Pocas veces hemos podido decir que atravesamos tres países en una sola etapa. Hemos dicho Ciao a la bella Italia y Dobro jutro a Eslovenia y Croacia.
Trieste tiene aires de enclave fronterizo, no hay duda. No es una ciudad italiana al uso. Su pasado de ciudad del imperio austro húngaro se deja notar en muchos de sus rincones. Pero no solo eso. Como hemos leído en algún lugar, Stendhal, en una visita a la ciudad en 1830, se sorprendió de los aires orientales que se respiraban en la zona del canal y es que en aquella época colindaba con el Imperio Otomano y recibía a inmigrantes de aquellas tierras. Para nosotros ésta es la verdadera puerta al Este que proponemos en el planteamiento de nuestro viaje, «Rumbo Este».
Además de esto, Trieste tiene fama de ser una ciudad muy cafetera. La conocida marca Illy es originaria de aquí. Y por lo que dicen, los triestinos toman el doble de café al año que el italiano medio y eso ya es mucho decir. Nosotros no nos hemos querido despedir de la ciudad sin probar uno de sus cafés en un lugar emblemático que quedaba justo al lado de donde teníamos la pensión, el café Stella Polar, el preferido, por lo que dicen, de Joyce.

Con esta despedida, que será un hasta pronto, hemos empezado a salir hacia Eslovenia. Por lo visto a Trieste le hemos caído bien y no quería dejarnos marchar. Para ello nos ha intentado retener a base de más de dos kilómetros de rampas con desniveles de infarto. Con las bicis cargadas como las llevamos no nos ha quedado otra que poner pie en tierra y subir como hemos podido.
Como os comentábamos ayer, estamos entre el Adriático y la meseta del Carso (Karst) y estos muy próximos entre sí. Eso quiere decir que hay que pasar del nivel del mar a más de trescientos metros en cuestión de cuatro o cinco kilómetros. De ahí las rampas. Al final hemos superado el escollo como buenamente hemos podido y hemos reemprendido la marcha a través de la carretera que une Trieste con Rijeka, ya con desniveles más comedidos. No obstante, toda la etapa ha sido un auténtico rompepiernas de subidas y bajadas que no nos ha dejado ni un momento de respiro.

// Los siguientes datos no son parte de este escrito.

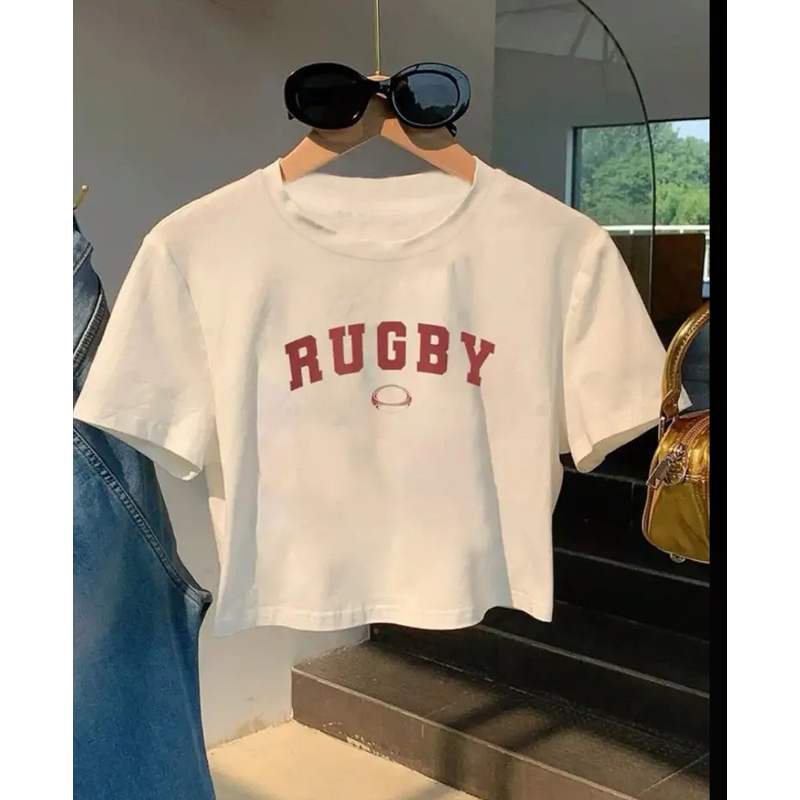 Women's Y2K Style Rugby Letter Print Crop Top T-Shirt, Polyester 95% Elastane 5%, Crew Neck, Short S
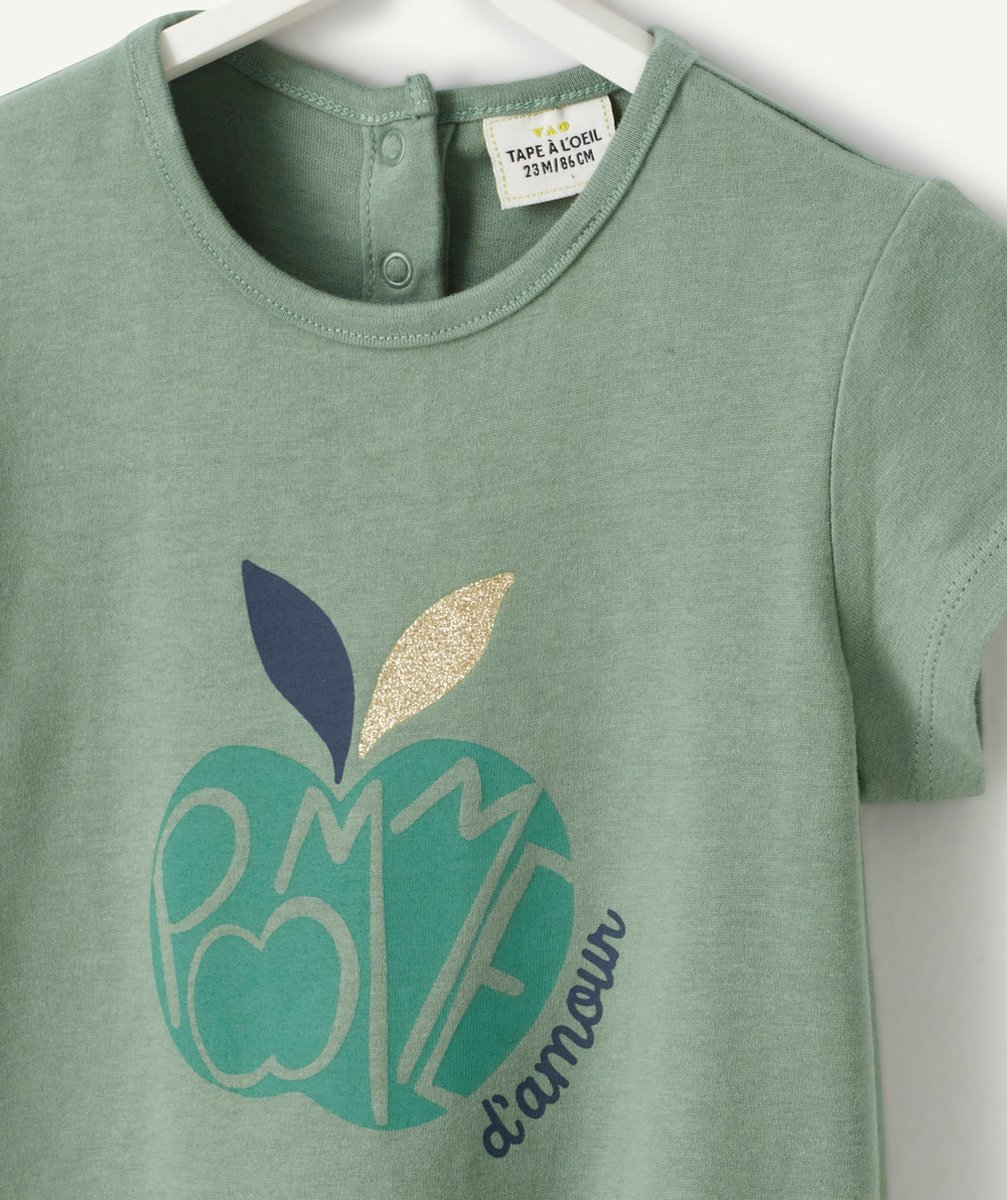 T-SHIRT BÉBÉ FILLE EN COTON BIOLOGIQUE VERT AVEC POMME IMPRIMÉ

Menos mal que el paisaje es bellísimo en esta parte. Lo primero son las vistas de la ciudad nada más subir al Carso. Se ve todo el golfo y cómo Trieste se derrama valle abajo con voluntad marinera.


Después, el resto del camino hemos venido disfrutado de un relieve kárstico de libro. No es de extrañar que la mayoría de los nombres usados para describir este tipo de fenómenos geográficos provengan de este lugar. Kárstico, dolina, poljé… son todas palabras derivadas del esloveno.

Lo que ocurre aquí es que toda la superficie de la caliza está exuberante de vegetación y a veces estas formaciones no son tan obvias como en los desnudos páramos castellanos, por ejemplo.
Así entretenidos, con un ojo puesto en el paisaje, el otro en los vehículos que nos adelantaban (más de los que nos hubiera gustado) y el alma empeñada en animar a las piernas para que subieran otra cuestecita más hemos llegado al otro lado de la Península de Istria. La primera visión de la bahía de Rijeka y el horizonte del golfo del Carnaro nos ha impresionado. Es lo que tiene subir, que con la altura ganas perspectiva. Una vez vista la costa, el final de la etapa ha sido un disfrute de bajada hasta Rijeka, embelesados con las vistas.
Este carácter tan abrupto de la costa hace que el puerto de Rijeka tenga mucha profundidad y permita que entren buques de gran calado. Es una ciudad de gran vocación marina. Y, al igual que Trieste, muestra en su esencia un pasado fraguado en un crisol de diversidad que le confiere un aire de ciudad abierta y acogedora aunque aquí se nota un mayor halo de decadencia, especialmente en muchos de sus edificios y en sus construcciones portuarias.

Nos quedaremos por aquí un par de días disfrutando de sus rincones, preparando el siguiente tramo de la ruta y, sobre todo, dejando descansar un poco a las piernas.